The bending stress is corrected for coil curvature with the Wahl bending
factor Kb = (4C² − C − 1) / (4C(C − 1)), where C = D/d is the
spring index. This is the bending counterpart of the shear Wahl factor
Kᵥᵥ used on compression springs. The peak stress, at the inner fibre
of the wire, is
σ = Kb · 32·M / (π·d³)
As the spring winds up, the body coils tighten and the inside diameter shrinks, so allow clearance over any arbor the spring rides on. Formulas follow standard spring-design practice (e.g.

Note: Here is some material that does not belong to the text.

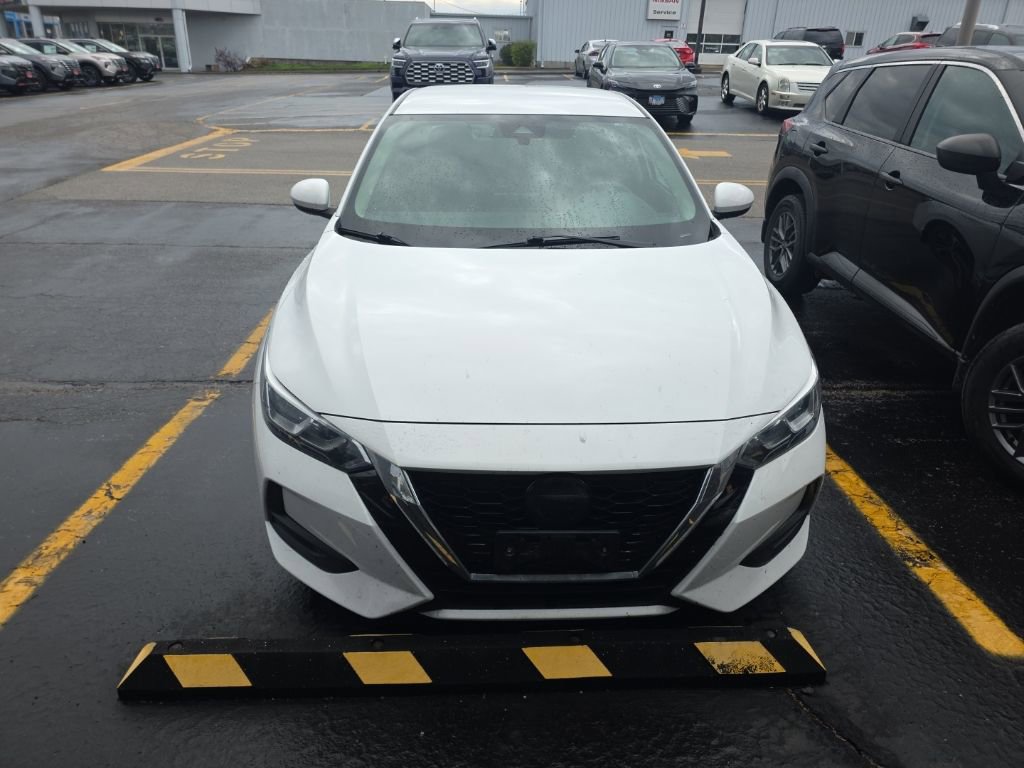 Used 2022 Nissan Sentra SV image 2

Shigley, Mechanical Engineering Design, chapter 10).
Worked example
Verified against the live calculator
Music wire, d = 2 mm, mean coil D = 20 mm (so the spring
index C = 10), Nₐ = 6 active coils, E = 207 GPa,
with an applied moment M = 1 N·m. The rate per turn is
R = 207000 × 2⁴ / (10.8 × 20 × 6) ≈ 2555.6 N·mm/turn, i.e. about
2.556 N·m/turn. The wind-up is
1000 / 2555.6 ≈ 0.391 turns, giving a deflection angle of
≈ 140.9°. The Wahl bending factor is
Kb = 389/360 ≈ 1.0806, so the inner-fibre bending stress is
σ = 1.0806 × 32 × 1000 / (π × 2³) ≈ 1376 MPa. Those are exactly the
numbers the calculator shows when you load this page.
Frequently asked questions
How do I calculate the deflection of a torsion spring?
Find the rate per turn R = E·d⁴/(10.8·D·Nₐ), where E is Young’s modulus, d the wire diameter, D the mean coil diameter and Nₐ the active coils. The wind-up is the applied moment divided by the rate, in turns: revolutions = M / R, and the angle is revolutions × 360°. Enter your values above and the calculator solves it.
Why does a torsion spring use Young’s modulus E and not the shear modulus G?
Despite the name, a helical torsion spring loads its wire in bending, not torsion — the coil winds tighter as the arms rotate. Bending stiffness depends on Young’s modulus E, so the rate uses E (a compression spring, which twists its wire, uses the shear modulus G instead).
What is the Wahl bending correction factor Kb?
It corrects the bending stress for coil curvature, which concentrates stress on the inner fibre of the wire: Kb = (4C² − C − 1)/(4C(C − 1)), where C = D/d is the spring index. It is the bending counterpart of the shear Wahl factor Kᵥᵥ used for compression springs. Skipping it under-predicts the peak stress.
Where is the maximum stress in a torsion spring?
At the inner fibre of the wire — the surface facing the coil axis. The curvature correction Kb is greater than 1 precisely because that inner surface sees a higher bending stress than a straight beam would: σ = Kb · 32·M / (π·d³).
Does the coil diameter change under load?
Yes. As the spring winds up, the body coils tighten, so the spring’s inside diameter shrinks. Allow clearance over the arbor or shaft the spring works on so the coils do not bind as the inside diameter reduces at full deflection.
Does this work in metric and imperial?
Yes — toggle SI/Imperial in the header. The moment is entered in N·m or lbf·ft, lengths in mm or inches, and stress is shown in MPa or ksi. The deflection angle is in degrees either way.
Method & assumptions
- The wire is loaded in bending, so the rate uses Young’s modulus E and the bending Wahl factor Kb — different from a compression spring, whose wire twists (shear modulus G, shear Wahl factor Kᵥᵥ).
- The maximum stress is at the inner fibre of the coil; the body coils tighten and the inside diameter shrinks as the spring winds up, so allow arbor clearance.
- Static loading only — fatigue, set and stress relaxation are not modelled.
- End/arm leverage, friction against the arbor and pre-wind are not included; for a safety-critical design, verify against the governing standard and your supplier’s certified data, and have a professional engineer review it.